Let me start with an example. Suppose you have built a ML model under supervised learning which can detect faces from your family members. You simply feed all the family photos to your model. And, at the end, you would like to know how much your model learnt from your training process.
After training your model, you will find a function that maps input (image) to output labels(family members). If we represent your ML model with a function 'f',we can write this process as:
y = f(x), where x = input (your family photos) y = output (model prediction) (predictiong whether the photo is your father, mother or sister)
Suppose, you use
50 images for your training process and use the same images to see whether the model can predict the label correctly or not. If you found that
10 out of
50 images are not predicted well, you can say :
20% training error.
If you think about the intuition behind this calculation, it is saying that 'the model is not doing well with the training data itself'. That means it underfits the data. It does not want to carry all the information available in your data.

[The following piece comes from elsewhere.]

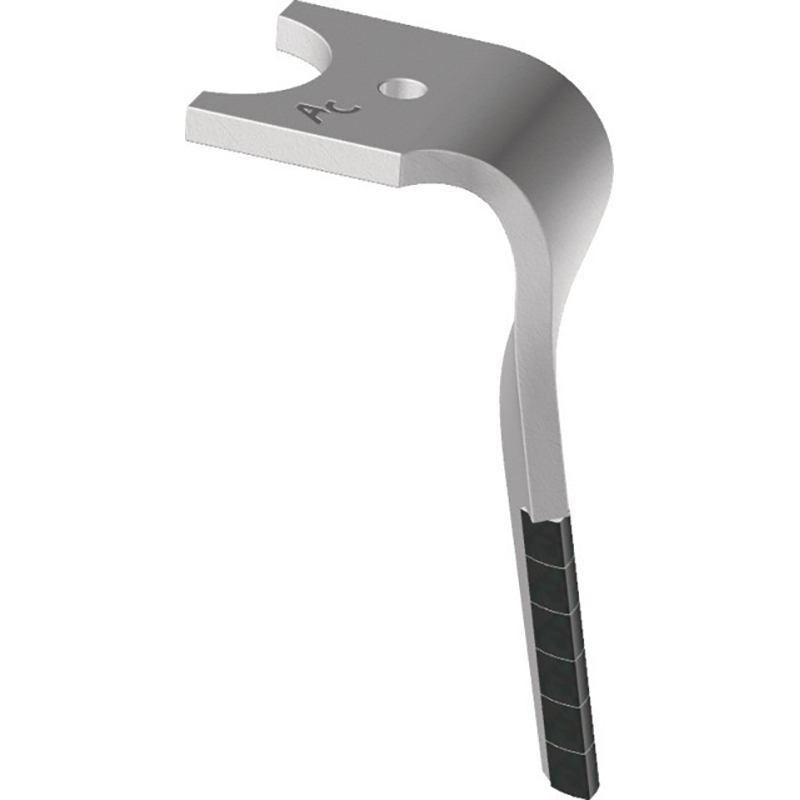 Kr. Eggenzinken Fast Fit® 2 Besch. R. 2500100/ 2502250 D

*NOTE: If your model 'f' is a linear model than it will be really hard for your model to classify the photos using linear function.
Let us consider the different scenario. You found that there is only
2% training error after training your model. And, you are happy that only
1 image out of
50 is being wrongly predicted. But, you are still suspicious about your model and apply different strategy this time. You captured new
10 photos of your family and gave it to the model. And, at this time all the
10 photos are wrongly predicted by your model.
What we can see is that 'your model learn everything from the training data without considering the generalization of data' (increased variance). We can also say that model overfits your training data. Obviously, learning everything from training data will reduce the biasness but it increases the variance in your data.